I popoli dominati mantengono così le proprie istituzioni, tradizioni e culture garantendo all’Impero Ottomano una sostanziale tranquillità interna e il limitato manifestarsi di proteste o rivolte da parte di questa grande ed eterogenea popolazione. Questa situazione rimane inalterata per circa 300 anni.
Minato da varie crisi economiche, conseguenza anche del forte impegno militare necessario a proteggere un così vasto territorio, agli inizi del 1800, l’Impero Ottomano inizia un profondo progetto di riforma dando vita a una forma istituzionale completamente nuova che scardina la tradizionale struttura della società ottomana; viene così posta fine alle antiche autonomie che vengono rimpiazzate con un governo e una burocrazia fortemente centralizzati.
Questo radicale stravolgimento avviene nel secolo in cui nasce e si sviluppa (in Europa occidentale, per poi diffondersi anche tra le popolazioni sottomesse agli Ottomani) un nuovo sentimento
politico: il nazionalismo, ossia l’identificazione dell’individuo in una comunità che si riconosce nelle stesse tradizioni storiche, culturali, linguistiche e che ne cerca il riconoscimento a livello politico.

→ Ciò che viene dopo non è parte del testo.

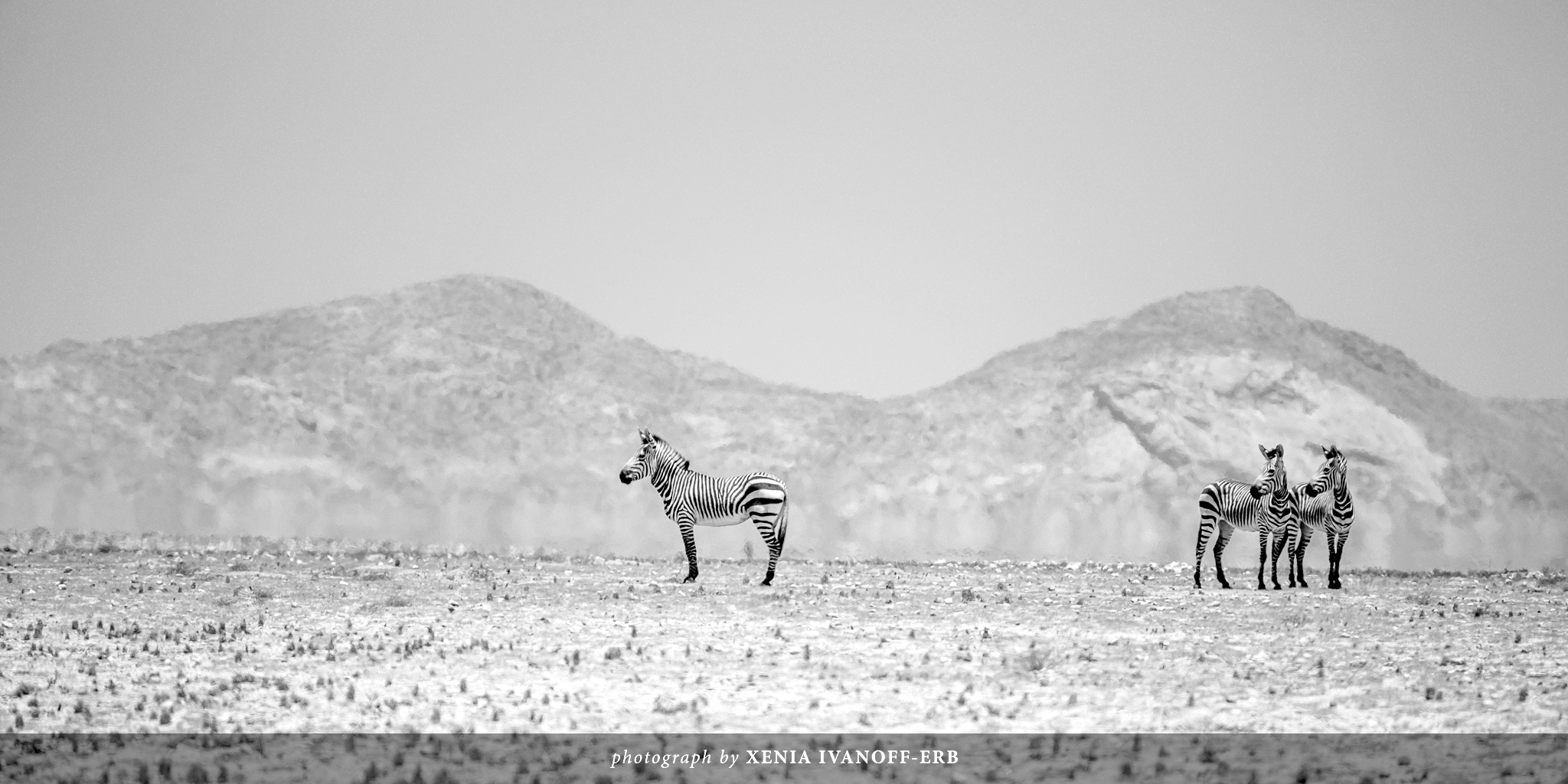 Heat-of-the-Day-(Namibia)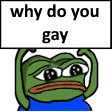 why_do_you_gay
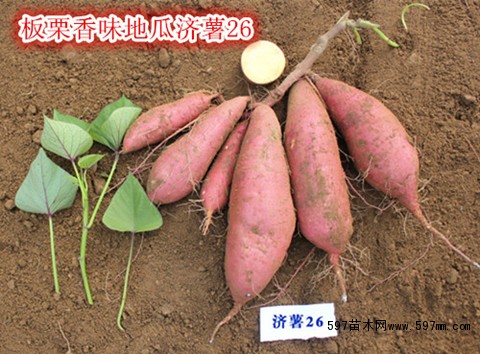板栗红薯新品种济薯26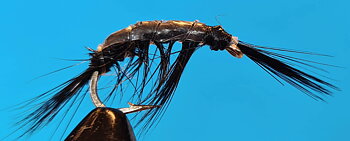 Gamarus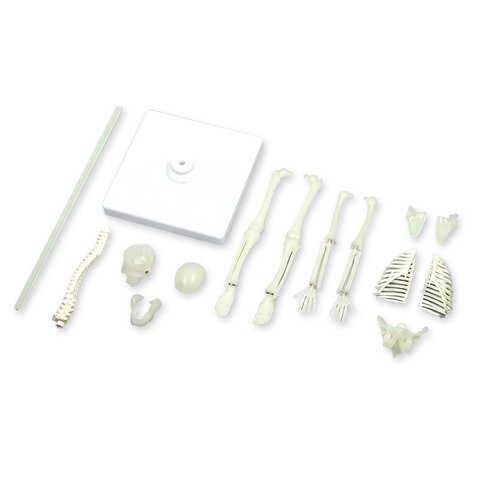 Artec Bone Assembly Preview 3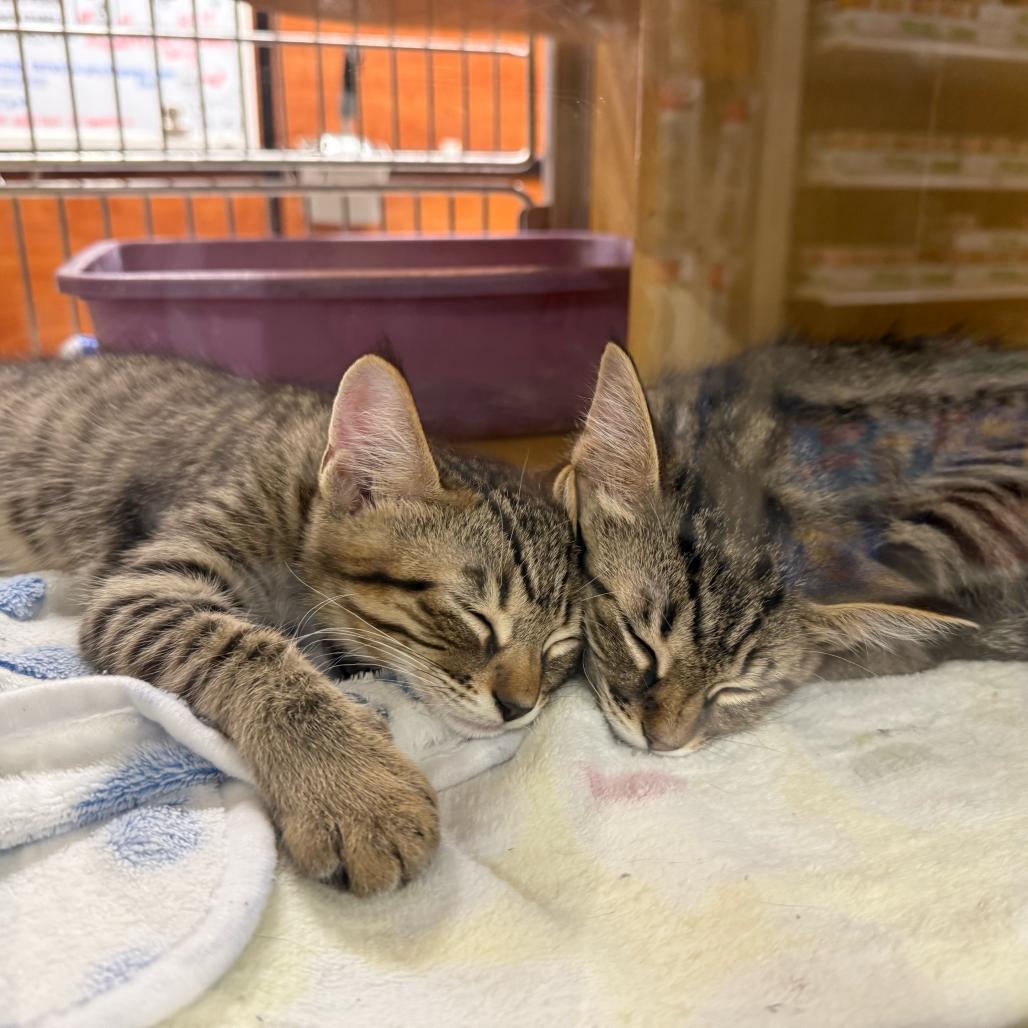 Lily, a Adoptable Domestic Short Hair in Escondido, CA image 3/5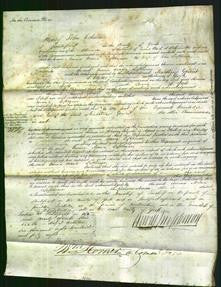 Court of Common Pleas - Emma Maria Lofthouse-Original Ancestry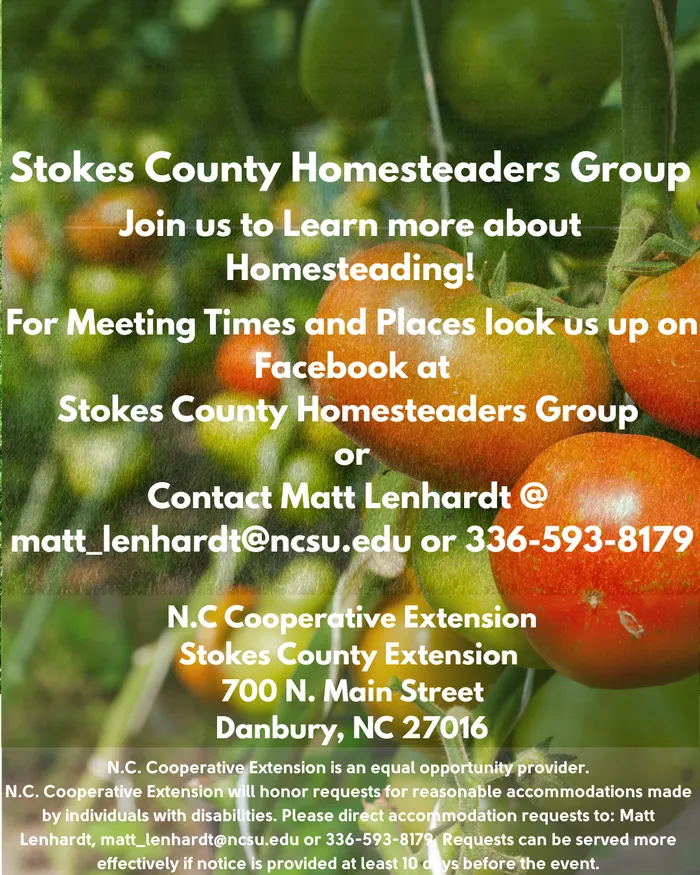 Homesteader tomato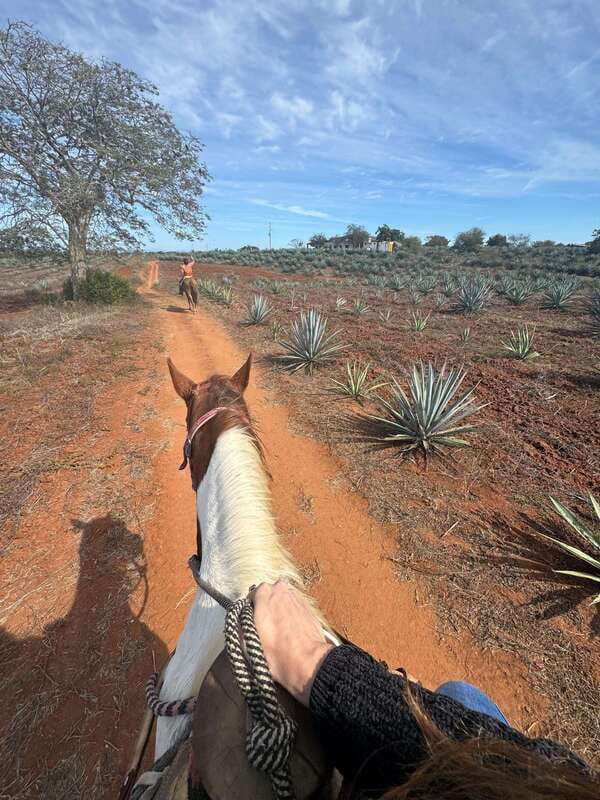 Jungle and beach horseback ride + lunch + mezcal - Price and value in Mazatlan, why $105 can make sense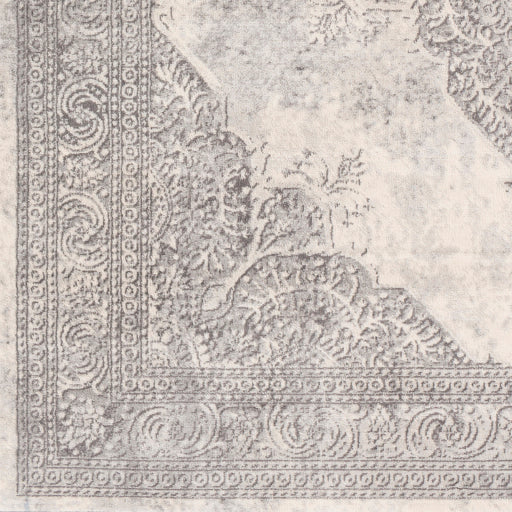 Surya Roma Traditional White, Light Gray, Medium Gray Rugs ROM-2304
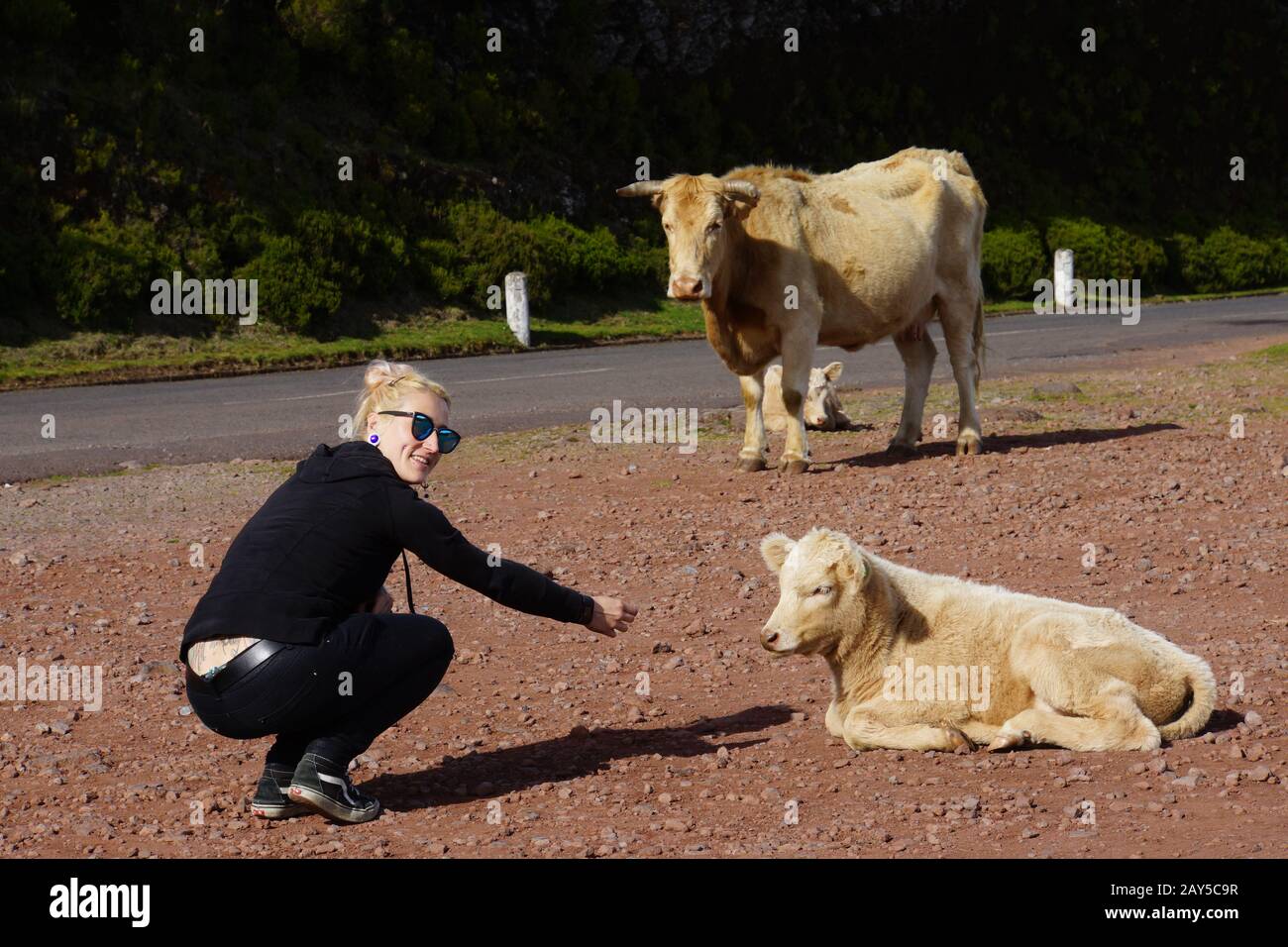 Bestiame sull'altopiano di Paul da Serra Foto Stock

Le spinte nazionalistiche, in particolare quelle slave nei Balcani, insieme all’arroccamento del sultano Abdulhamid nel più assoluto autoritarismo decretano l’inizio della fine dell’Impero, alimentando gli interessi delle grandi potenze (Russia, Inghilterra e Francia) per la spartizione dei resti di quello che veniva considerato il grande malato d’Europa
.
Il nazionalismo arabo
Il Movimento dei Giovani Turchi, nato nella seconda metà del 1800 nella penisola anatolica, che determinerà la deposizione di Abdulhamid e prenderà definitivamente il potere nel 1908, si era inizialmente dichiarato a favore di una decentralizzazione dell’Impero, alimentando le aspirazioni nazionalistiche (seppur sempre all’interno dell’autorità statuale ottomana) delle popolazioni arabe. Il successivo disconoscimento da parte dei Giovani Turchi di questa posizione indusse un’evoluzione della coscienza araba verso la lotta per una totale indipendenza e liberazione dal dominio turco
.
La storia e l’evoluzione del nazionalismo arabo sono articolate, con orientamenti e sviluppi molto diversi tra mondo arabo orientale (Mashreq) e mondo arabo occidentale (Maghreb). Tralasciamo quest’ultimo, la cui analisi ci allontanerebbe dal nostro percorso, e concentriamoci sul primo che, oltre a svilupparsi soprattutto in contrapposizione al predominio turco all’interno dell’Impero Ottomano, si inserisce nel pensiero socio-politico che si va diffondendo nella società musulmana dell’epoca, i cui confini travalicano quelli geografici ottomani per giungere fino alla Persia e all’Afghanistan.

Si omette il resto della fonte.